REC 3 drew some heat from fans of the franchise because it broke the formula, but that’s one of the main reasons that I praised it. Moving away from the "found footage" sub-genre and setting the film in a less confined space allowed the franchise to grow instead of being pigeonholed in to doing all the same things over again. That the film’s creators were willing to take a risk is commendable, and for me, it paid off.
#4 The Revenant
This film is terrific. The Revenant initially seemed as though it was going to be another Shaun of the Dead knockoff, but that’s just not the case. The Revenant employs old school vampire mythology and differentiates itself from anything I’ve seen before. The relationship between David Anders’ and Chris Wylde’s characters is truly authentic. There’s nothing forced or stilted about any of the performances in the film. Writer/director Kerry Prior was working on a nonexistent budget, but thanks to his background in effects, all of the gore and prosthetics look like they belong in a film with a much more substantial budget.
This movie made me uncomfortable. Much of the film made me sick to my stomach; but, not because of over the top or explicit gore. The effects are understated for a film of this kind, but the performances are so realistic that I was concerned for the characters all the way through the film. Robin McLeavy was phenomenal as Lola. The film’s concept doesn’t bring a lot of original ideas to the table, but the performances, the dialogue, the score, and the on screen dynamic between Lola and her father make the film.
I didn’t know that AnnaLynne McCord could turn in a performance like this.

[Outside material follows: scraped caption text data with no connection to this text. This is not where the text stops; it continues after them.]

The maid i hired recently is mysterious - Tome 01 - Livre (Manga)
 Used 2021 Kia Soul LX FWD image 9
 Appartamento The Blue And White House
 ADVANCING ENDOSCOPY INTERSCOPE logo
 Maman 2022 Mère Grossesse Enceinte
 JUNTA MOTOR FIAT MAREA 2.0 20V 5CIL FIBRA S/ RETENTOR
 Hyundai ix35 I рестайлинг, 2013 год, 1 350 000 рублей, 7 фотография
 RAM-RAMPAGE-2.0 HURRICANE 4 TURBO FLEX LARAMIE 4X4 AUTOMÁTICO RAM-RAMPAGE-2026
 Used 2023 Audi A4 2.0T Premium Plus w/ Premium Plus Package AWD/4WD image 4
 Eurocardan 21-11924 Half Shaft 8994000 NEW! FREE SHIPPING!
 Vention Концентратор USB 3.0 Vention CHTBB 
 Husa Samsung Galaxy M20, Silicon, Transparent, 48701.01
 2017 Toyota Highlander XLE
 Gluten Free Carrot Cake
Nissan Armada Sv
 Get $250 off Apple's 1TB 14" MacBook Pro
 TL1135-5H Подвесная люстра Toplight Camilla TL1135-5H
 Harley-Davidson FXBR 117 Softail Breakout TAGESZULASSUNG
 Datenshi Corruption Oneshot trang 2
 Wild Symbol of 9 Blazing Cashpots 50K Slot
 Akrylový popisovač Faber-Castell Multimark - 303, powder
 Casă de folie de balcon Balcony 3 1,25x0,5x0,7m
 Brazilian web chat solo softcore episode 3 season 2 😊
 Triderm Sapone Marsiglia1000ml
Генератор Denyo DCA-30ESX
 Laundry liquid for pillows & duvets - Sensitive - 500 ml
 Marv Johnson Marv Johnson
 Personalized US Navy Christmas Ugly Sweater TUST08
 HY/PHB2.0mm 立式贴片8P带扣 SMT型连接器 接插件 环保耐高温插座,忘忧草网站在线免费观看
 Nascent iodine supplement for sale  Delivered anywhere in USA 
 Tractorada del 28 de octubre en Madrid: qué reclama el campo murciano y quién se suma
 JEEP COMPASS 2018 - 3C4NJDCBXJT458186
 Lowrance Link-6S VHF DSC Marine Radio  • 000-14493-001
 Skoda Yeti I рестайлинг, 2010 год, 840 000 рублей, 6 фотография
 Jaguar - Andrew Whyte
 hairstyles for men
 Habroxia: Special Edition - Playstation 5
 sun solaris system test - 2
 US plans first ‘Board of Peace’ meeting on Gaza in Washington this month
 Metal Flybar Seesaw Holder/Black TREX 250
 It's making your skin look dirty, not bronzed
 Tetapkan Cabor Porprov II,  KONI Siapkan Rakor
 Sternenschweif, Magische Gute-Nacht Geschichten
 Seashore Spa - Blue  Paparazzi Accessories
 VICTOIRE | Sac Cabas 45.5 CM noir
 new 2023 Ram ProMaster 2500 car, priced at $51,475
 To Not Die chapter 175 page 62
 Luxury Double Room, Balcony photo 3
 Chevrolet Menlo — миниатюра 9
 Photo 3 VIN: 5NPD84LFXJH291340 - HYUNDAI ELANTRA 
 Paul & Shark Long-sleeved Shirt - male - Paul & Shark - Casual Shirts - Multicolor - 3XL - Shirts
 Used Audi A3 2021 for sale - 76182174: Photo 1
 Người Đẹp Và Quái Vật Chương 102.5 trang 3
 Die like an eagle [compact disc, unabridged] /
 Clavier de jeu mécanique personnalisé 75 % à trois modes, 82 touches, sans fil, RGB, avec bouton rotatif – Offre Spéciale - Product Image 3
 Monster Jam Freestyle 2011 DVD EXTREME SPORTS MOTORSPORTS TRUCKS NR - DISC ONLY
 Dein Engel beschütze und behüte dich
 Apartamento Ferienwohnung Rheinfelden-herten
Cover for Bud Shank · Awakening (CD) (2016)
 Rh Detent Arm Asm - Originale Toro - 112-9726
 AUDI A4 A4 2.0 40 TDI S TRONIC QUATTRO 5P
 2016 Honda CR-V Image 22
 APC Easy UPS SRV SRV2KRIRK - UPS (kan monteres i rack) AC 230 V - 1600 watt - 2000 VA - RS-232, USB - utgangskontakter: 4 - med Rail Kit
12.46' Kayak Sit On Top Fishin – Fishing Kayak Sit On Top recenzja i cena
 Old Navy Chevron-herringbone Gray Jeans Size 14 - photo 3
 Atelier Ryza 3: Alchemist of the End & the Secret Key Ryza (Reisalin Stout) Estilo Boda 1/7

I think that a lot of the credit for that goes to writer/director Richard Bates Jr. for inspiring great performances from every member of his cast. Excision, which is based on Bates’ short film of the same name is not always easy to watch. But, the film was peppered with moments of the blackest of comedic brilliance, which serve to break the mounting sense of tension the film is constantly building. The ending, and the entire film really, is a total mind f**k.
I think of Cabin as a love song to the horror genre. It’s slick, ultra meta, fully functional, and extremely clever. Cabin invoked a nostalgia in me for the horror heyday of the late seventies and early eighties. It’s the best genre film to come out in some time. I think it’s safe to say that Cabin is an instant classic.